The artwork for Joints.

In the past few years, artists such as Fredo, Meekz and Country Dons have all netted large fanbases with a blend of gritty road rap and modern trap. Really, they’re treading a path first worn by Blade Brown, whose late-00s link-ups with Giggs and revered run of Bags & Boxes mixtapes laid down a template for the UK’s own strain of gangsta rap. On Joints, his new mixtape with fellow south Londoner K-Trap, he sets the record straight: “Think you’ve tapped into the streets, but we a little closer,” he rumbles on La Cosa Nostra.

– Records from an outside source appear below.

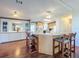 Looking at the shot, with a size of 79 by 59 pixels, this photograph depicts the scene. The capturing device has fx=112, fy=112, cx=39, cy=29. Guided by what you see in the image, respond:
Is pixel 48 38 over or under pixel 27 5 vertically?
under

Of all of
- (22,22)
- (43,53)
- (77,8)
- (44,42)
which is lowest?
(43,53)

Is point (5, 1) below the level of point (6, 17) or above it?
above

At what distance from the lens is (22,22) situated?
9.12 meters

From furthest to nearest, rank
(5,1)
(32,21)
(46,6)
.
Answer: (32,21), (46,6), (5,1)

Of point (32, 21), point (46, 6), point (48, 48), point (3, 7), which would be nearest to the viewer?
point (48, 48)

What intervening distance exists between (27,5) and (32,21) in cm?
395

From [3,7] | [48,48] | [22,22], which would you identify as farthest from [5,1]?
[22,22]

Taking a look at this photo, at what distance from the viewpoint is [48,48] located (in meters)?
4.79

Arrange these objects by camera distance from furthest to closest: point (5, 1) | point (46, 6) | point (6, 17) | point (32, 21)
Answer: point (32, 21) → point (6, 17) → point (46, 6) → point (5, 1)

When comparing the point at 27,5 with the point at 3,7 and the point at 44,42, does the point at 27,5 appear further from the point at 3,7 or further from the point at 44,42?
the point at 44,42

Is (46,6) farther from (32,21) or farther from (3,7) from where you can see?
(32,21)

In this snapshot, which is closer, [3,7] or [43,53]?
[43,53]

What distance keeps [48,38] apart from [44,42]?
0.29 metres

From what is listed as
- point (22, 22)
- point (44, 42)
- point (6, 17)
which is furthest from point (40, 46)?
point (22, 22) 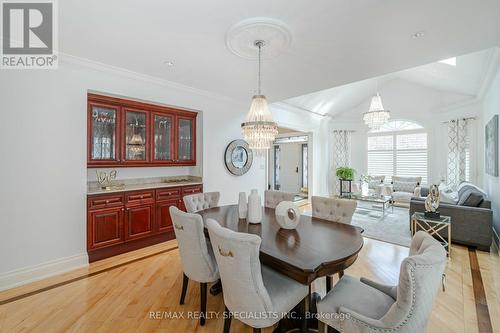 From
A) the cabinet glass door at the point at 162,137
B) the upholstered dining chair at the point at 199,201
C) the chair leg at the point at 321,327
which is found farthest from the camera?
the cabinet glass door at the point at 162,137

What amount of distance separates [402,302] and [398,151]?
24.9ft

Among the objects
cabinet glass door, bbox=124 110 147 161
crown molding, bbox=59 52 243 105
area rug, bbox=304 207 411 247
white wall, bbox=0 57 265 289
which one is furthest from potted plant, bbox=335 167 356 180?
white wall, bbox=0 57 265 289

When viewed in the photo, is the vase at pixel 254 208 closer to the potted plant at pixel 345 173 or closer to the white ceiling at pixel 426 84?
the white ceiling at pixel 426 84

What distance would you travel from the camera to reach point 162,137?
3.87 meters

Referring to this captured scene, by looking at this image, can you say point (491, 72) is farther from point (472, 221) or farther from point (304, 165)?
point (304, 165)

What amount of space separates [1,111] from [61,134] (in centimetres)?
53

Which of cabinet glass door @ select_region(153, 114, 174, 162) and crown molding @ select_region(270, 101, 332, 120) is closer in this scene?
cabinet glass door @ select_region(153, 114, 174, 162)

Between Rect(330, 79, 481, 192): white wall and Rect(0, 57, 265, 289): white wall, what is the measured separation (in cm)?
747

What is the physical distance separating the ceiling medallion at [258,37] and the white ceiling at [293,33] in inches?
2.3

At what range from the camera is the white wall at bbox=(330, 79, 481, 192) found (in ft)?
19.0

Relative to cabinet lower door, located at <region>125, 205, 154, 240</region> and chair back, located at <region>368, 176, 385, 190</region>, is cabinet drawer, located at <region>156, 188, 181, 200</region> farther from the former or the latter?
chair back, located at <region>368, 176, 385, 190</region>

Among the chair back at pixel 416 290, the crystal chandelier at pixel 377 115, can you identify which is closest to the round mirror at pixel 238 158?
the crystal chandelier at pixel 377 115

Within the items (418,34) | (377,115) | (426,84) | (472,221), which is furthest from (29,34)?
(426,84)

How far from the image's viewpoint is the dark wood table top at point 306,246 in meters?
1.39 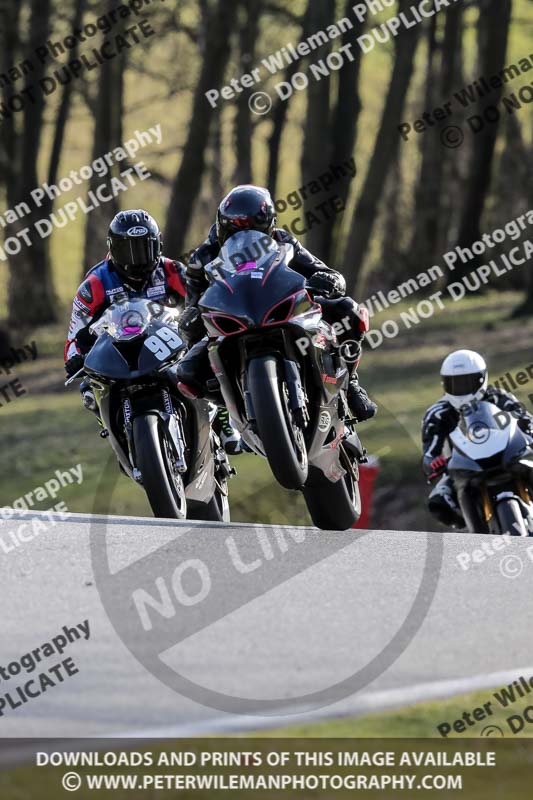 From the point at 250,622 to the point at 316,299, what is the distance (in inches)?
113

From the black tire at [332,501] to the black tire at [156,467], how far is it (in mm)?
845

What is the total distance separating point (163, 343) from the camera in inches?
393

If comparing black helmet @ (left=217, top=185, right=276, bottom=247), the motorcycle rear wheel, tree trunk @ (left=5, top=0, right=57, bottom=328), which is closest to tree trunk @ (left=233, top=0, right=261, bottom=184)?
tree trunk @ (left=5, top=0, right=57, bottom=328)

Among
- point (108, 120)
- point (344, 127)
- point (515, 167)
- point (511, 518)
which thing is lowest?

The artwork for Joints. Photograph: Paulina Frączek

K-Trap made his name, balaclava-clad, in the drill scene, but has since settled into slower tempos that give his snippy delivery space to breathe, and he’s Blade’s newest sparring partner. They make for an inspired intergenerational pairing, swapping brooding verses over bruising kick drums. Their flows sit like sides of the same crisp £50 note: K-Trap’s rising inflections dovetail with Blade’s low growl, his delivery brimming with the contentedness of someone who’s just devoured a particularly rich meal.

Closing track Each One, Teach One – its title lifted from a proverb shared among enslaved African people denied education in the US, now suffused into African and Caribbean culture more widely – captures the essence of the album: an old hand showing a young peer how to navigate the trappings of a cut-throat industry, with no compromise on style.